比較的濁りの多い河川水や湖沼水の処理に適しており、現在最も広く用いられています。東京都では金町浄水場、朝霞浄水場など、大規模な浄水場でこの方法を採用しています。
この処理方法は、狭い敷地でも多量の水を処理できることが特徴です。また、台風によって水がひどく濁る場合でも、凝集沈殿処理における凝集剤の注入量を増やすことで濁りを十分に沈めることができます。
(水の濁りについての説明はこちらをご覧ください。)
図1 急速ろ過池
図2 急速ろ過の仕組み
2 凝集沈殿のしくみ
東京都では、凝集沈殿処理を行う際、ポリ塩化アルミニウム(通称PAC:パック)という凝集剤(水中に分散した濁り成分を凝集させるために使用される薬品)を使用しています。
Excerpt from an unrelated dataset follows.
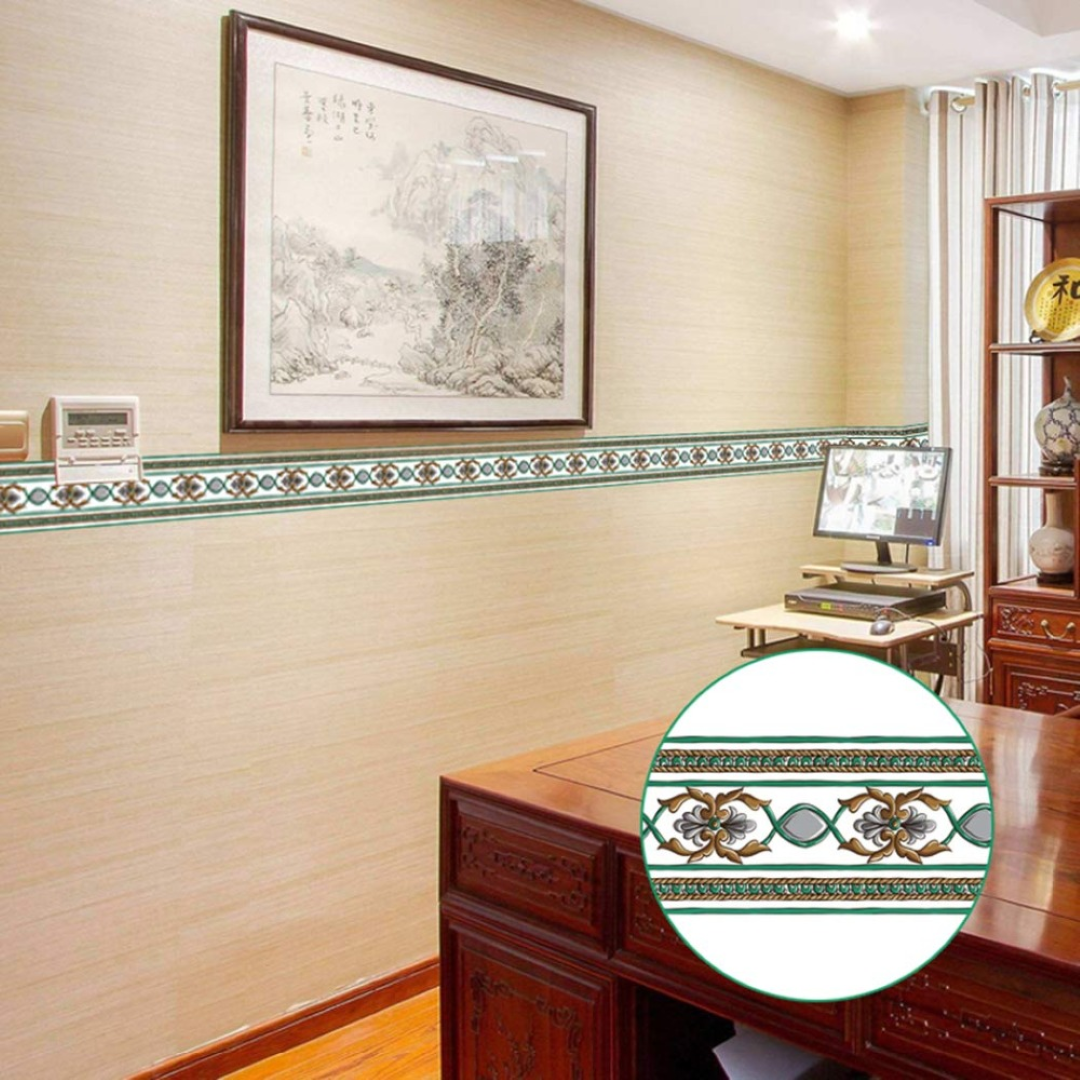 Cenefa Decorativa Vinílica Hogar Verde 10 m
PACがどのように作用して濁りを集めるかというと・・・
(1)水の中の濁り成分は、通常マイナスの電気を帯びているため、互いに反発しあいながら水中に分散して漂っている。
(2)そこへPACを投入すると、プラスの電気を帯びたPACが濁り成分の表面に付着し、濁り成分のマイナス電荷を打ち消して電気的に中和する。
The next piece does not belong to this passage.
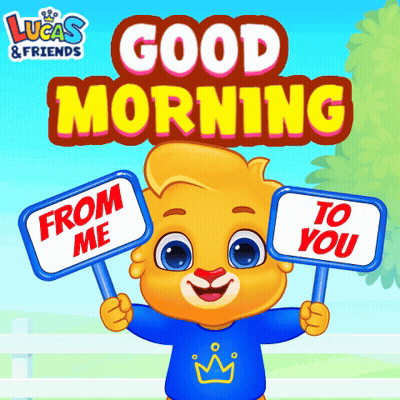 Lucas And Friends Bear Holding Two Signs GIF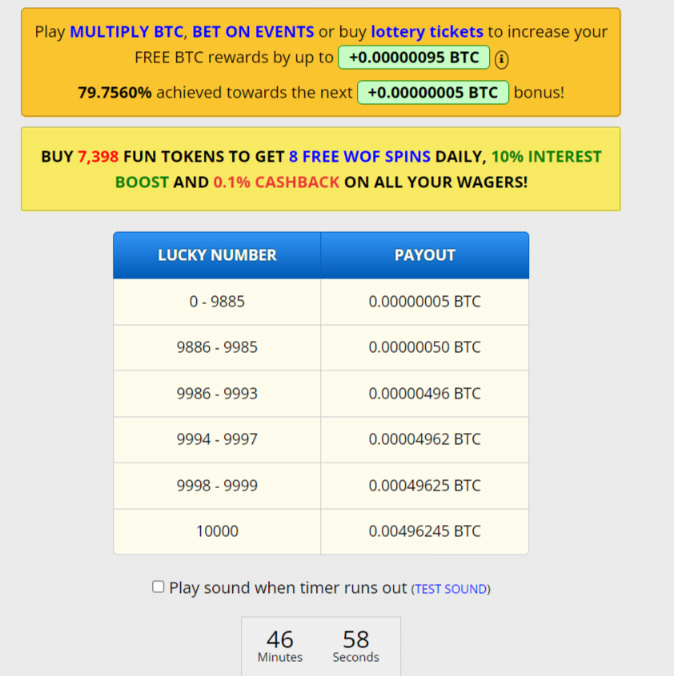 Freebitco.in's homepage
(3)電気的に中和された濁り成分は、反発する力がなくなり、互いに寄り集まる。
図3 凝集のイメージ
このようにして凝集した濁り成分は、大きく重くなるために、水中に分散していられなくなり、ゆっくりと沈んでいきます。
台風による豪雨で濁度が高い水を処理する場合でも、凝集沈殿処理におけるPAC注入量を増やすことで濁り成分を十分に沈めることができます。
濁り成分が沈んだ後の上澄み水について、次の砂ろ過処理を行います。
図4 凝集剤添加前と後の比較
3 砂ろ過のしくみ
砂ろ過を行う砂層は、1mm未満の砂と数mmから数cmの砂利が数十cm~1m程度の厚さに敷き詰められた構造をしています。この砂層の上から下へ水を通すことにより、凝集沈殿でとりきれなかったこまかい濁りを除去します。
ただし、除去しようとしている濁りの大きさに比べ、砂粒と砂粒の隙間はかなり大きいため、砂粒の隙間で濁りをこしとるのではなく、濁りが砂粒の表面にくっつくことにより除去されます。
連続して砂ろ過を行っていると、濁り成分が砂層に蓄積していきます。そのため、砂ろ過方向とは逆から水を流す逆流洗浄などにより、砂粒から濁り成分を除去して、砂層を洗浄しています。
(濁り成分は、ろ過砂の隙間でこしとられるのでは
なく、ろ過砂の表面に吸着することで除去される)
図7 ろ過及び逆流洗浄のイメージ
4 他の浄水処理との組合せ
かび臭の原因となる物質など、水の中に溶け込んでいる物質は、急速ろ過の凝集沈殿ではほとんど除去ができません。
そこでそのような物質を除去する場合は、急速ろ過に粉末活性炭(注1)や高度浄水処理(オゾン処理+生物活性炭処理)などの処理を組み合わせます。
(高度浄水処理については、こちらをご覧ください。)
注1 粉末活性炭…粒径0.15mm未満の活性炭。粉末活性炭は、かび臭原因物質などの水に溶け込んだ
物質を取り除くために使用しています。